最多能指望一下孙子了,儿子贾琏也被亲娘给养废了。

贾赦看着红着眼珠子,恨不得捅他两刀的弟媳妇儿,冷笑,真以为你哥是王子腾,老子就怕你不成?

大不了鱼死网破,也好过让老子整日喝酒消愁,过憋屈日子。

贾赦也后怕,这要是一直不知道这些事儿,再过个十年,他想找证据拿回一切都没机会了,那会儿他可就真成了混吃等死的烂泥鳅了。

看着下人对照单子,把属于公中的,还有他原配的嫁妆都从王夫人的私库里搬出来的时候,贾赦嗤笑:“王家好教养,养出来的姑娘偷盗婆家财务不说,连妯娌的嫁妆都偷啊。”

一席话不只是说的王夫人白了脸,就是跟在贾赦身后的王熙凤也一脸惨白。

这事儿要是宣扬出去了,王家一族的姑娘都没活路了。

当然,王熙凤也没那么好的心去关注王家女是不是会因此没活路,她这会儿担心的可是自己,亲姑母偷盗,她这个侄女儿被婆家休了都没处喊冤去。

贾赦干了三件事儿。

第一,把属于大房的资产全部拿回来。

第二,把属于大房的管家权全部拿回来。

第三,分家,把二房分出去。

贾母清醒后自然是不乐意的,可贾赦手里有证据,这证据扔出去,贾母都能被休回娘家,更别说王夫人了。

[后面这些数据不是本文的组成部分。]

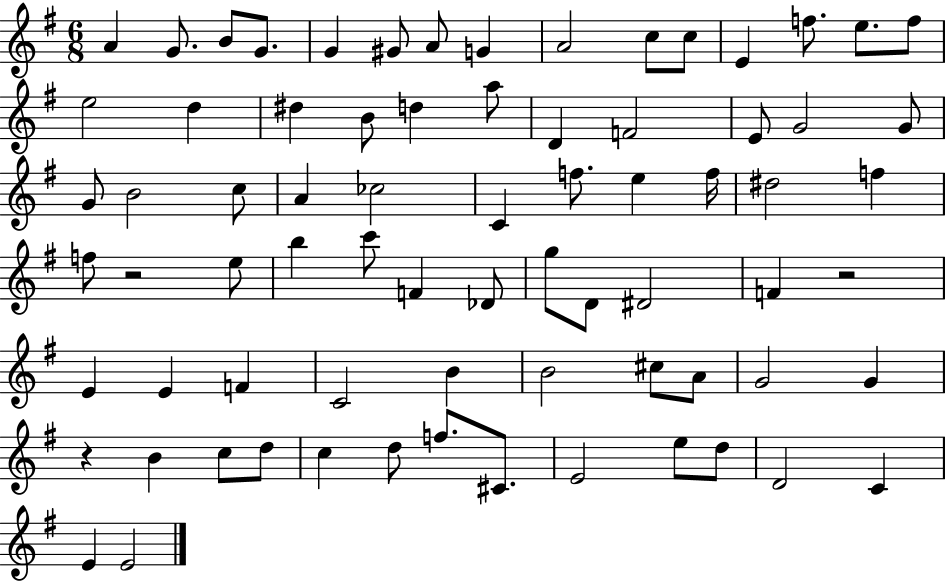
A4/q G4/e. B4/e G4/e. G4/q G#4/e A4/e G4/q A4/h C5/e C5/e E4/q F5/e. E5/e. F5/e E5/h D5/q D#5/q B4/e D5/q A5/e D4/q F4/h E4/e G4/h G4/e G4/e B4/h C5/e A4/q CES5/h C4/q F5/e. E5/q F5/s D#5/h F5/q F5/e R/h E5/e B5/q C6/e F4/q Db4/e G5/e D4/e D#4/h F4/q R/h E4/q E4/q F4/q C4/h B4/q B4/h C#5/e A4/e G4/h G4/q R/q B4/q C5/e D5/e C5/q D5/e F5/e. C#4/e. E4/h E5/e D5/e D4/h C4/q E4/q E4/h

贾赦可是把史家人和王家人都找来当面锣对面鼓的把话说开了,反正他也没什么好名声,完全豁得出去。

史家人本来还想用孝道压一压贾赦,可贾赦张口就要把亲娘送去衙门宣判,史家就彻底没办法了。

“到底也是赦表哥的亲娘,财物表哥你都拿回去了,就这样算了吧?”这是不想要贾赦把贾母偷盗的事儿说在明面上。